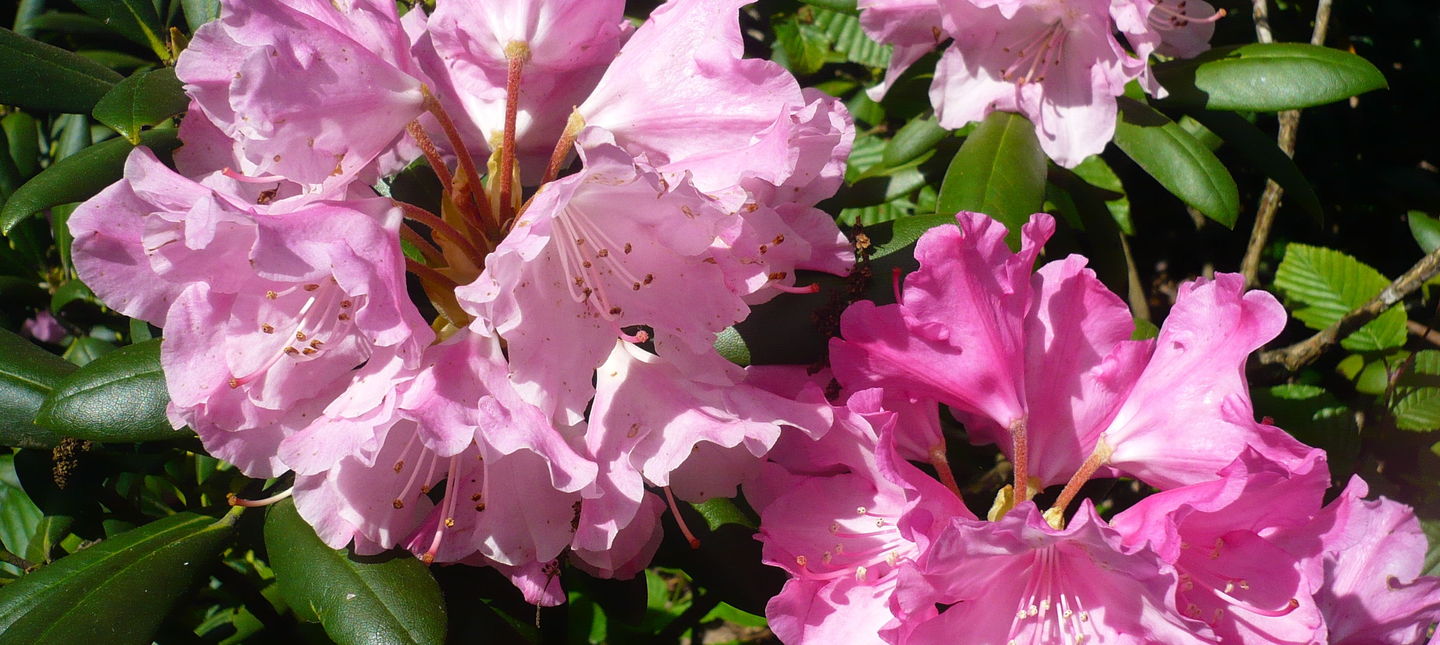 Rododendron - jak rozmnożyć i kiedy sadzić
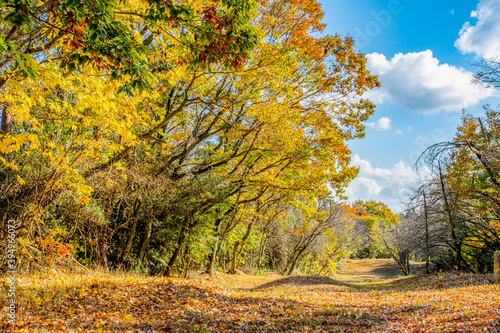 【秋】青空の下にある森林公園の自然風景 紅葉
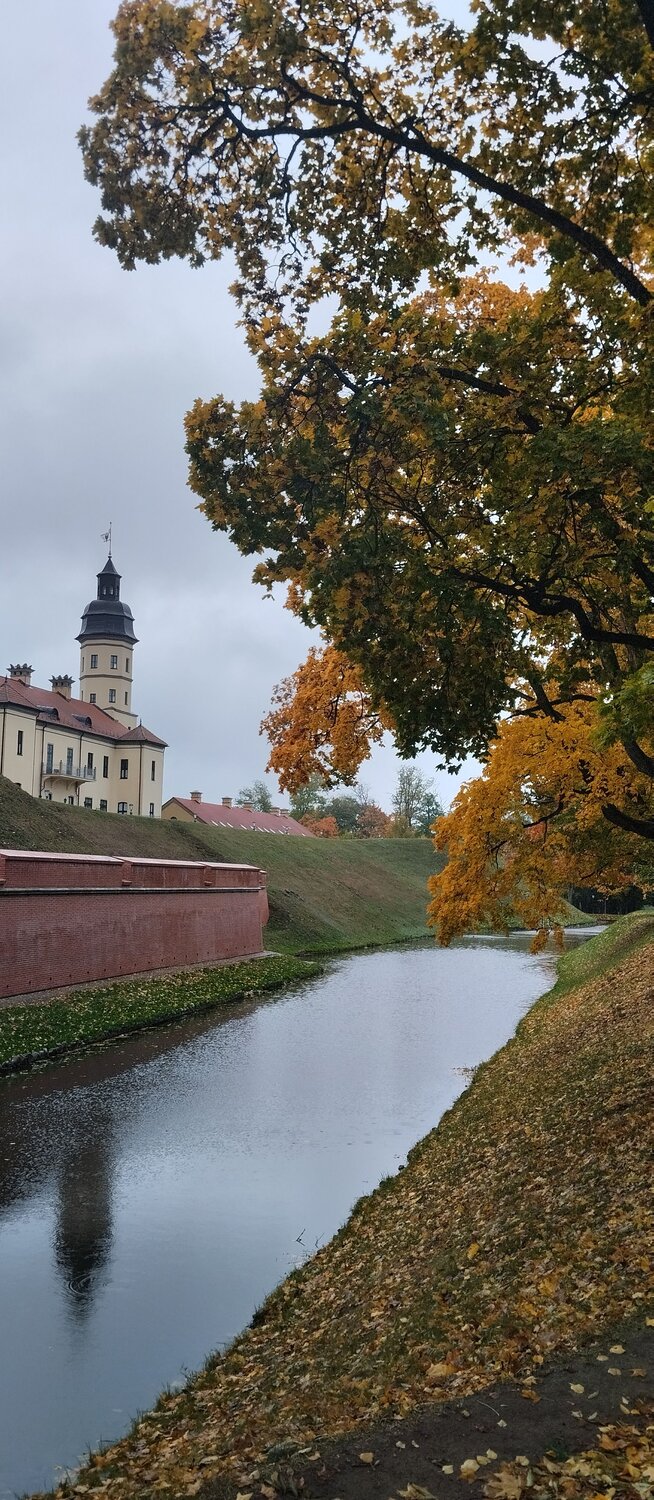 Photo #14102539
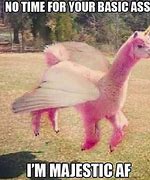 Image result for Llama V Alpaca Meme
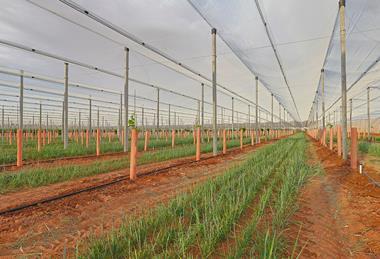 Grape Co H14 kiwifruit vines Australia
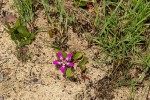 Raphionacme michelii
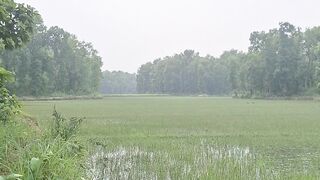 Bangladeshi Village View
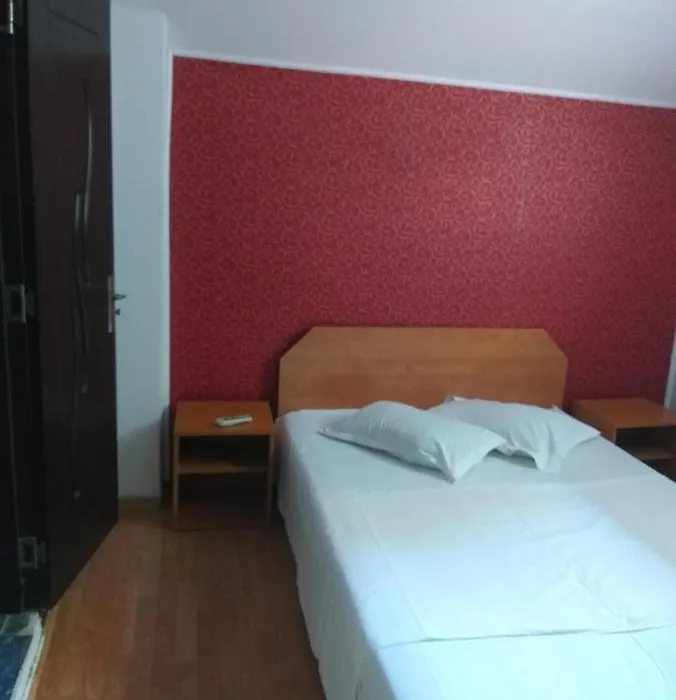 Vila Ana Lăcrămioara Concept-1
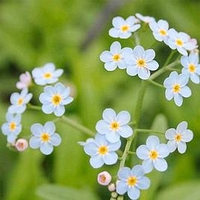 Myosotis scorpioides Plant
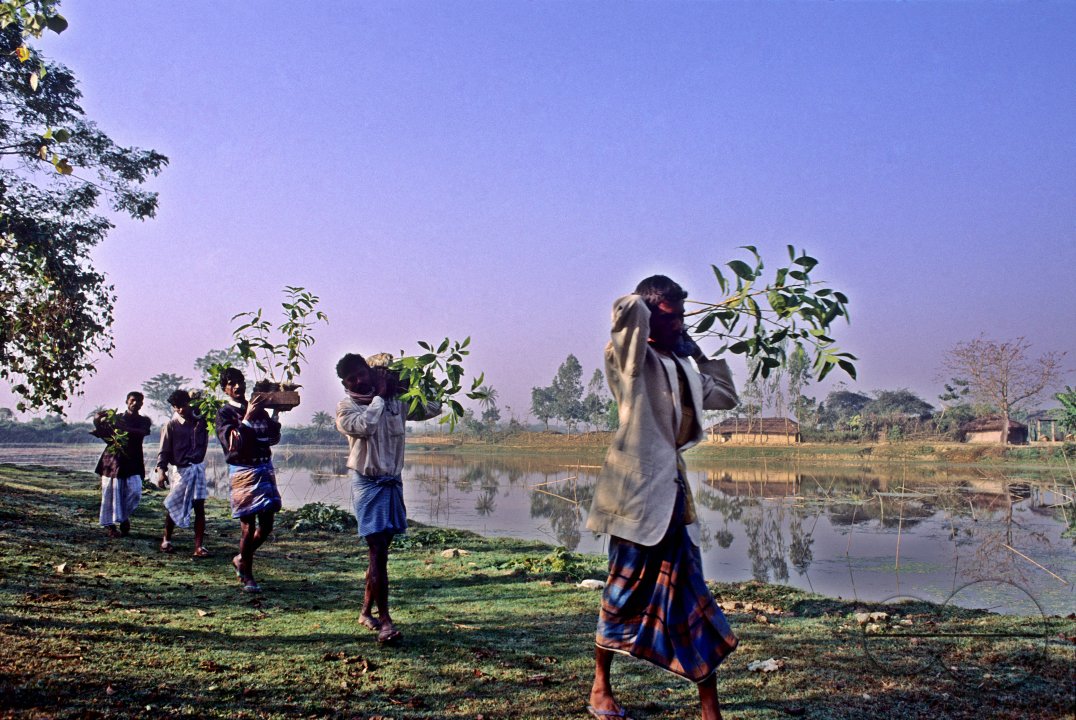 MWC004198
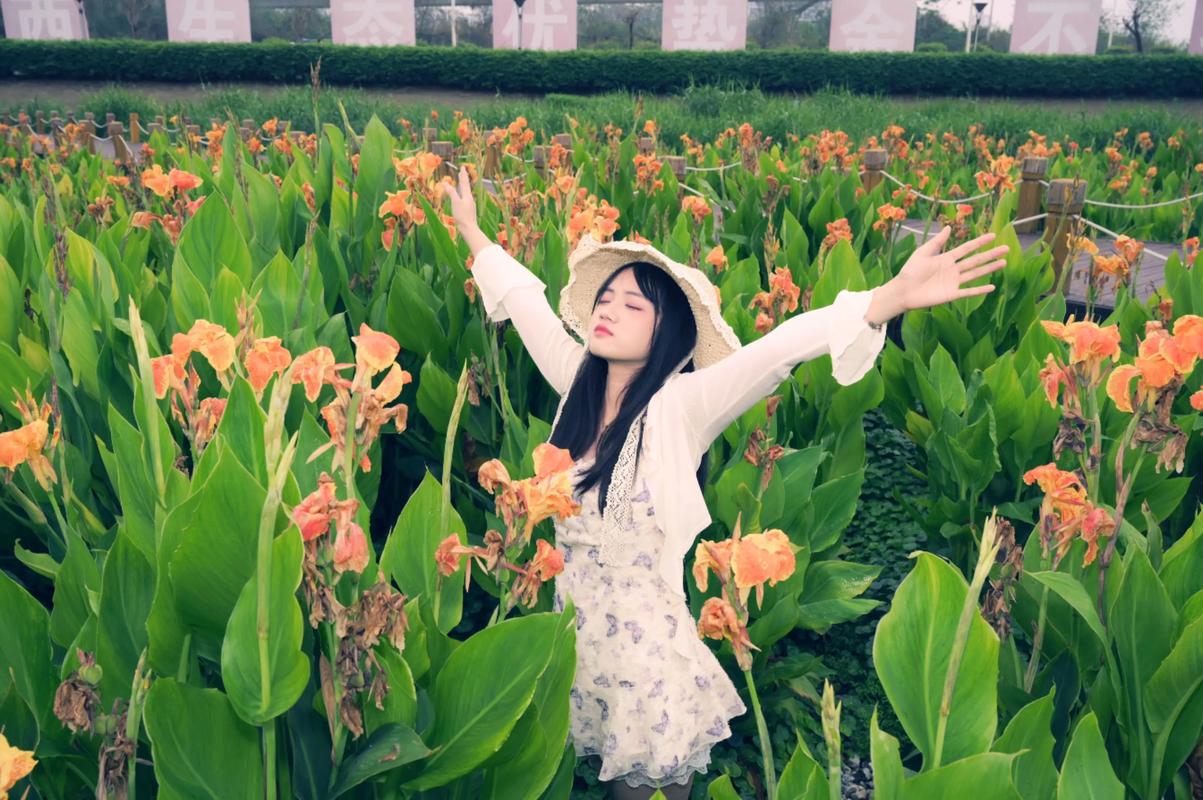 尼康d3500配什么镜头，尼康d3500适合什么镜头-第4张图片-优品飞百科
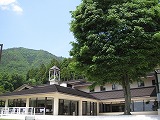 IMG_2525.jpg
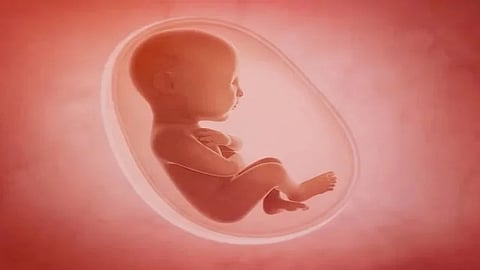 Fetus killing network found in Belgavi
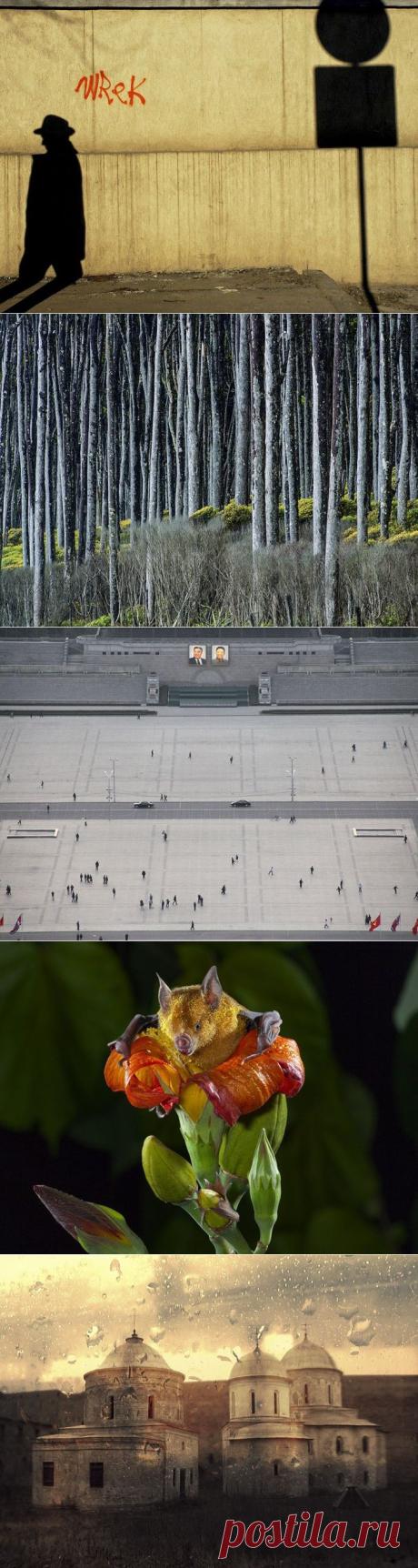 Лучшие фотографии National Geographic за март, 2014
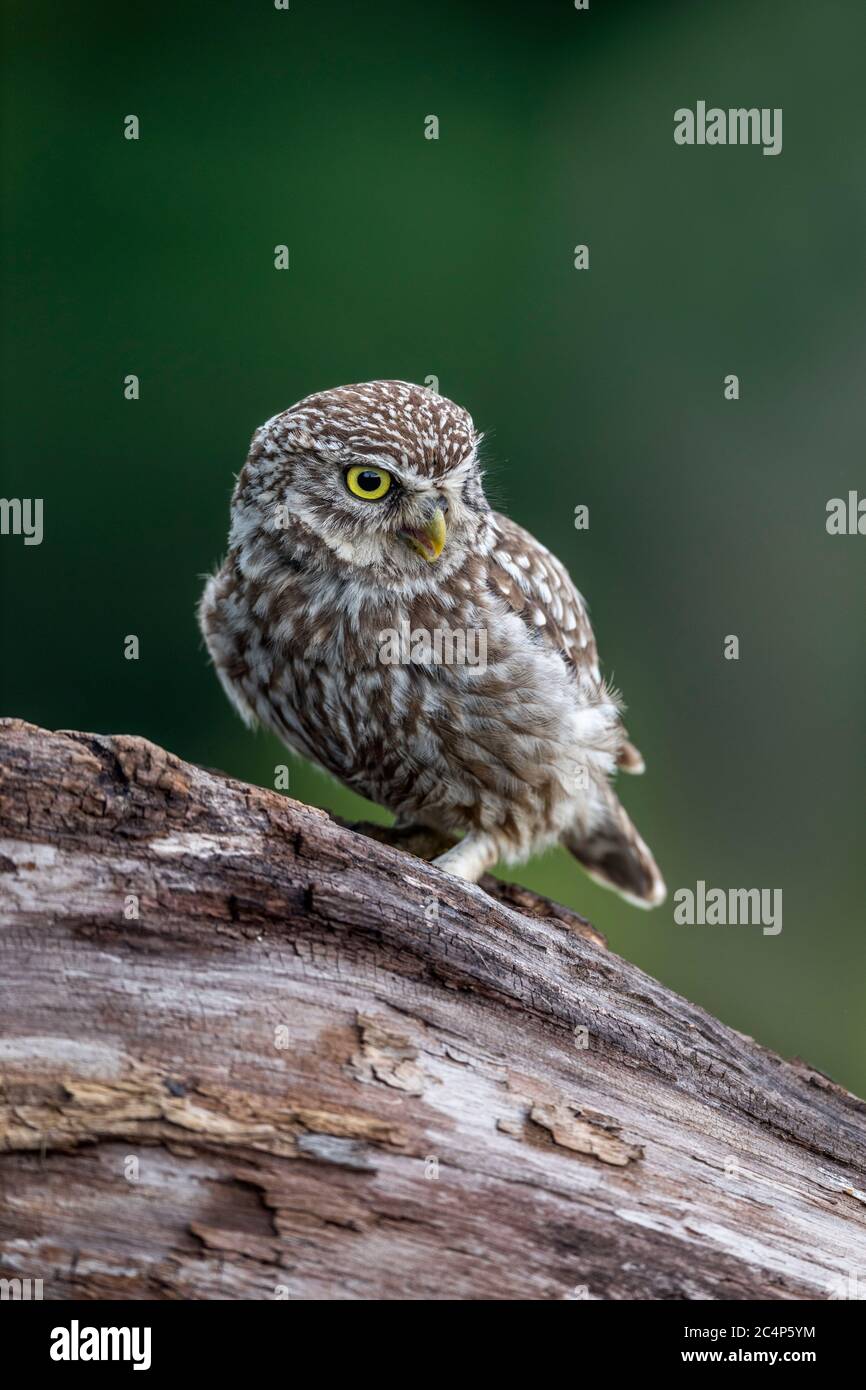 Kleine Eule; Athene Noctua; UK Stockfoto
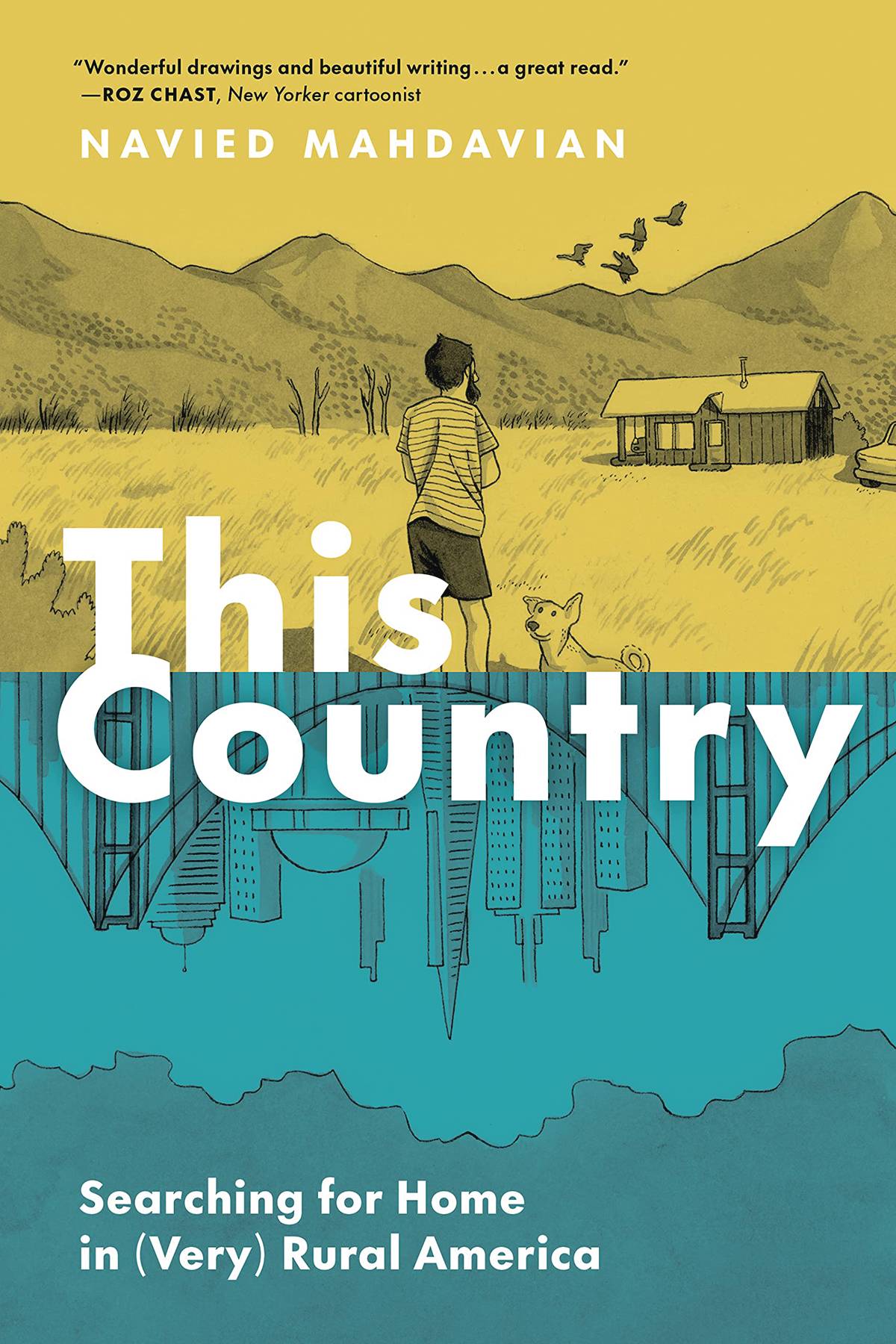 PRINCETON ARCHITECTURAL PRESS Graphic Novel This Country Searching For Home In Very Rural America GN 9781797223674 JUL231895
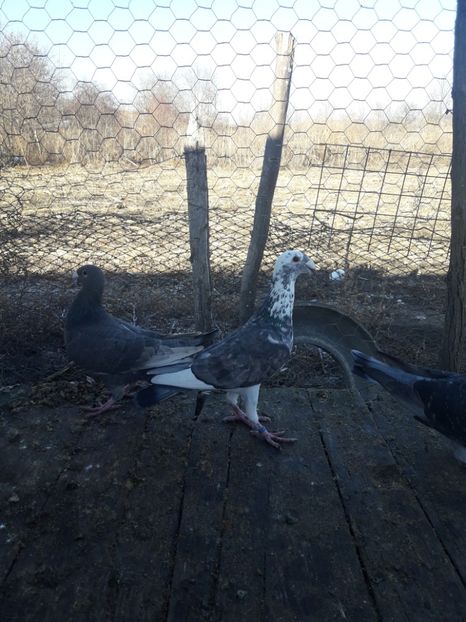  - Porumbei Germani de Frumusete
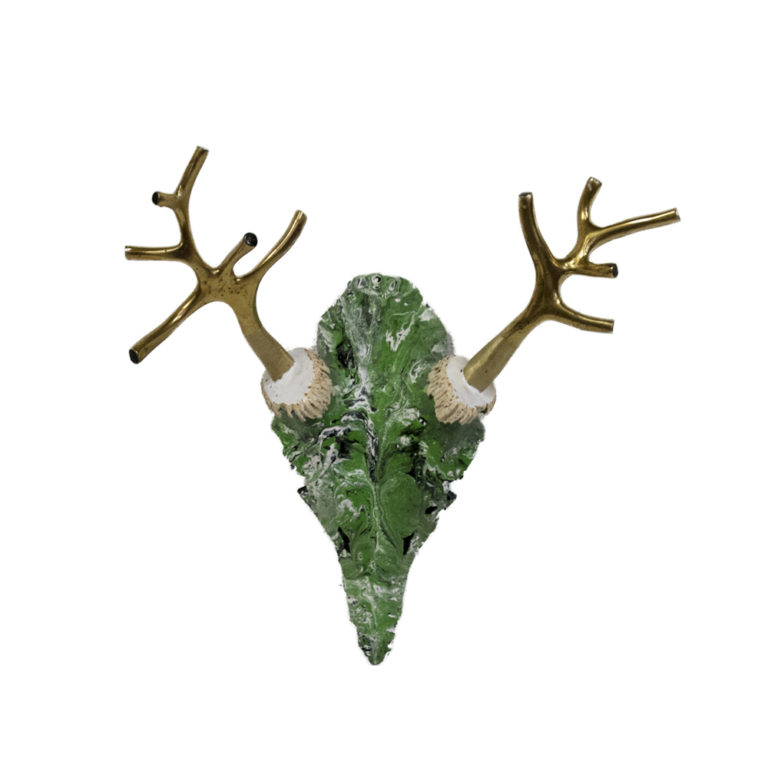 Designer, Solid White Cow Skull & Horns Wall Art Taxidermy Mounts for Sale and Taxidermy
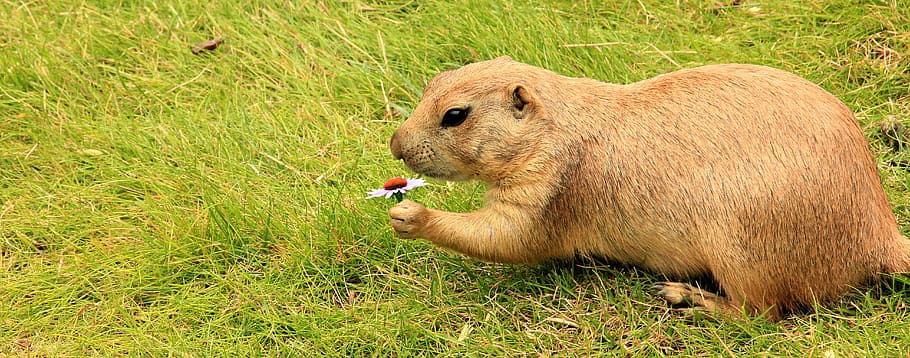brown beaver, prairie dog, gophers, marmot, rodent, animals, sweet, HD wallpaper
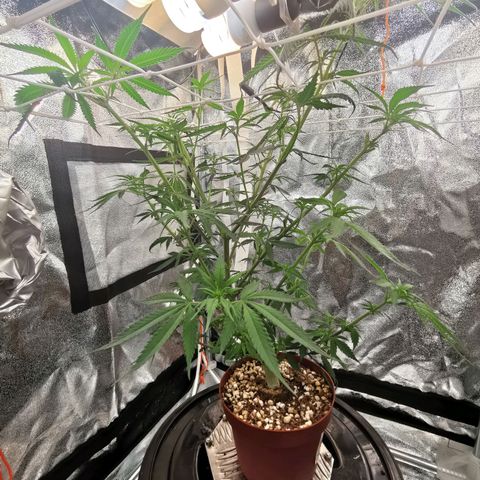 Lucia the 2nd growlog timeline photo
────
> **YOUR TASK**: Every word of the material, and none of its pictures, should be set down again.

> **WRITTEN RESPONSE**:
 Rododendron - jak rozmnożyć i kiedy sadzić
 【秋】青空の下にある森林公園の自然風景 紅葉
 Photo #14102539
 Image result for Llama V Alpaca Meme
 Grape Co H14 kiwifruit vines Australia
 Raphionacme michelii
 Bangladeshi Village View
 Vila Ana Lăcrămioara Concept-1
 Myosotis scorpioides Plant
 MWC004198
 尼康d3500配什么镜头，尼康d3500适合什么镜头-第4张图片-优品飞百科
 IMG_2525.jpg
 Fetus killing network found in Belgavi
 Лучшие фотографии National Geographic за март, 2014
 Kleine Eule; Athene Noctua; UK Stockfoto
 PRINCETON ARCHITECTURAL PRESS Graphic Novel This Country Searching For Home In Very Rural America GN 9781797223674 JUL231895
  - Porumbei Germani de Frumusete
 Designer, Solid White Cow Skull & Horns Wall Art Taxidermy Mounts for Sale and Taxidermy
brown beaver, prairie dog, gophers, marmot, rodent, animals, sweet, HD wallpaper
 Lucia the 2nd growlog timeline photo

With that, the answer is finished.